Column Name Dtype Description
<time_column_name> Numeric (float or int) Timestamps of the events or censored data, based on the provided time data.
removed Integer Number of subjects removed from the risk set in each time interval.
observed Integer Observed number of events of interest (e.g., death or failure) at each timestamp.
censored Integer Number of subjects censored at each timestamp.
at_risk Integer Number of individuals at risk at each timestamp.
hazard Float Hazard rate at each timestamp, calculated as observed / at_risk.
survival_cdf Float Cumulative survival probability up to and including each timestamp.
  • Replace <time_column_name> with the column name you specified in the input configuration for the time data.

How to Interpret the Output:

  • <time_column_name> shows each recorded or estimated event/censoring timestamp, which is not an interval but discrete points in time.

  • observed provides the count of events that occurred, while censored shows how many subjects' data did not reach an event by the end of observation.

  • at_risk is critical as it denotes the number of subjects that could potentially experience the event at each timestamp.

  • The hazard rate gives an indication of the instant risk of event occurrence over time.
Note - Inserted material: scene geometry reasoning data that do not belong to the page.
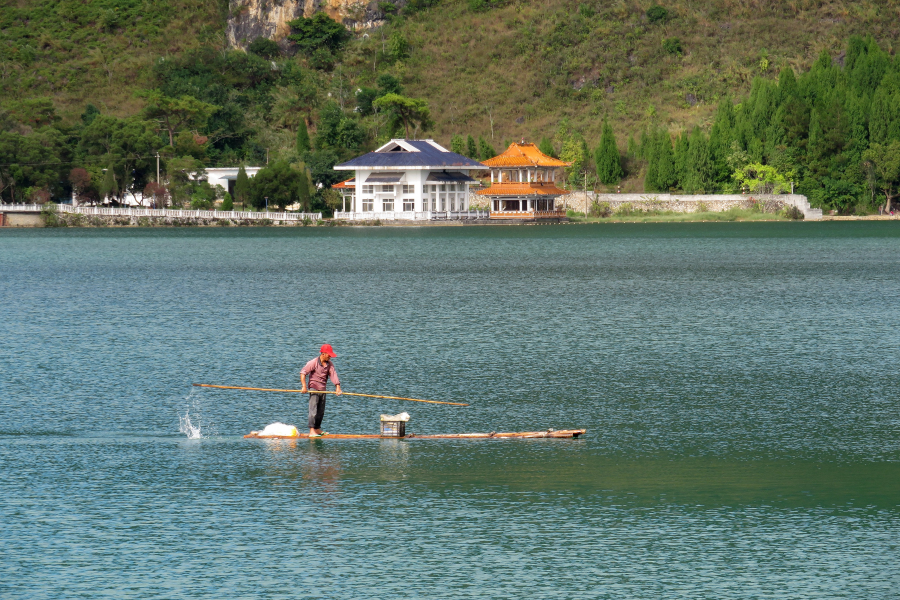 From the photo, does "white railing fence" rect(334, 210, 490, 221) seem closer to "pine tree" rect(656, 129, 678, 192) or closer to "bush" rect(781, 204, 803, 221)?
"pine tree" rect(656, 129, 678, 192)

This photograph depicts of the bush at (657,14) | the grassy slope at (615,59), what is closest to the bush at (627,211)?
the grassy slope at (615,59)

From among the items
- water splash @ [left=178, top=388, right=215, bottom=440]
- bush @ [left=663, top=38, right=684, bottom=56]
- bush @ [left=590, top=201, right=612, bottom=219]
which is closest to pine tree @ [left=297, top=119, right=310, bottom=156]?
bush @ [left=590, top=201, right=612, bottom=219]

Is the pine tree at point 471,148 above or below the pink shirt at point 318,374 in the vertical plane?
above

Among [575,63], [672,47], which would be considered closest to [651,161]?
[672,47]

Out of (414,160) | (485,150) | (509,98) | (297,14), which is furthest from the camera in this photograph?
(297,14)

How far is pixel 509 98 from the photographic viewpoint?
6727 inches

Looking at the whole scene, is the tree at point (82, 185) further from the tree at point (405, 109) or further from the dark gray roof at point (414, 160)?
the tree at point (405, 109)

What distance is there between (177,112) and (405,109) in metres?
28.3

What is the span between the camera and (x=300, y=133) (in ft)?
510

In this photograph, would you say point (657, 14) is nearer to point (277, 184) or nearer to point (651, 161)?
point (651, 161)

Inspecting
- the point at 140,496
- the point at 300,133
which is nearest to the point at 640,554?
the point at 140,496

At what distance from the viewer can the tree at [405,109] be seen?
155250 mm

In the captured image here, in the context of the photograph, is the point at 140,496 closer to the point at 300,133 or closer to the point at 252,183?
the point at 252,183

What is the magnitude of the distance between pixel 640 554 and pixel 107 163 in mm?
124503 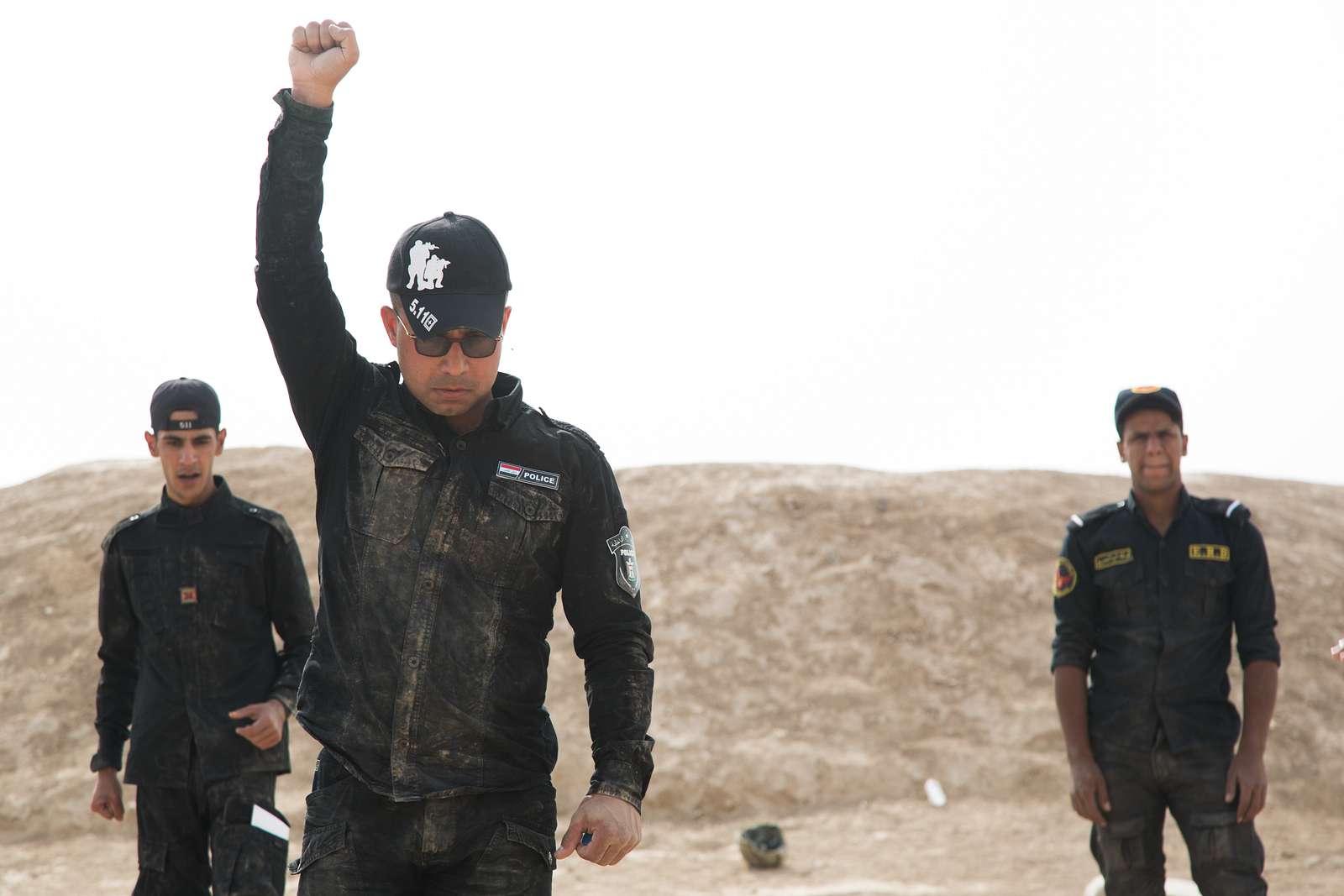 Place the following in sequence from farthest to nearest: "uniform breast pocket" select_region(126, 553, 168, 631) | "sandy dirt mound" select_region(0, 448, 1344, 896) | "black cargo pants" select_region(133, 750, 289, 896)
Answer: "sandy dirt mound" select_region(0, 448, 1344, 896) < "uniform breast pocket" select_region(126, 553, 168, 631) < "black cargo pants" select_region(133, 750, 289, 896)

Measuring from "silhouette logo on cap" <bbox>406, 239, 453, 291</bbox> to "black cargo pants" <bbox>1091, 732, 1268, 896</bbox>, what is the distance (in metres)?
3.65

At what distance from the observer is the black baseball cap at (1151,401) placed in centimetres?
541

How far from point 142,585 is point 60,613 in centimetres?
863

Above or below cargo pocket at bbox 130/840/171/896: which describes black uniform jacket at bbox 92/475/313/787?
above

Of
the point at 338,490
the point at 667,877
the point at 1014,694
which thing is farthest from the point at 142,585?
the point at 1014,694

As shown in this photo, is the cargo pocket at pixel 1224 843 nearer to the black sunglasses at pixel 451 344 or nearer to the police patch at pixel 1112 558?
the police patch at pixel 1112 558

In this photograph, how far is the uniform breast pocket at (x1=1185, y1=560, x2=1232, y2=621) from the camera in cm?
534

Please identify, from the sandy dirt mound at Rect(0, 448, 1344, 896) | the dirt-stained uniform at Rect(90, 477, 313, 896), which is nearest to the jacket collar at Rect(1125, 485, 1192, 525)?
the dirt-stained uniform at Rect(90, 477, 313, 896)

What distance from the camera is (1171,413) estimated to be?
17.8 ft

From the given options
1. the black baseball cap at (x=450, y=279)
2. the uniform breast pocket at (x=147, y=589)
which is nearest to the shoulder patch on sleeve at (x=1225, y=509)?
the black baseball cap at (x=450, y=279)

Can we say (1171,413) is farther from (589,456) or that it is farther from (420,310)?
(420,310)

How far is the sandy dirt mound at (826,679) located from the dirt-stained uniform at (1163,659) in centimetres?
347

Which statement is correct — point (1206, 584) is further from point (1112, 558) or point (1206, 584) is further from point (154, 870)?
point (154, 870)

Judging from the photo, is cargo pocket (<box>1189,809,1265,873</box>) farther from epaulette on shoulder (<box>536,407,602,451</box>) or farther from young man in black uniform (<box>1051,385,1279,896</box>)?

  • survival_cdf is the key metric representing the estimated probability of surviving beyond each timestamp in <time_column_name>.

The analysis is commonly graphed as the Kaplan-Meier curve plotting survival_cdf versus <time_column_name> to depict survival trends over time. Periods with a high censored count should be carefully interpreted, as they may affect the accuracy of the survival analysis.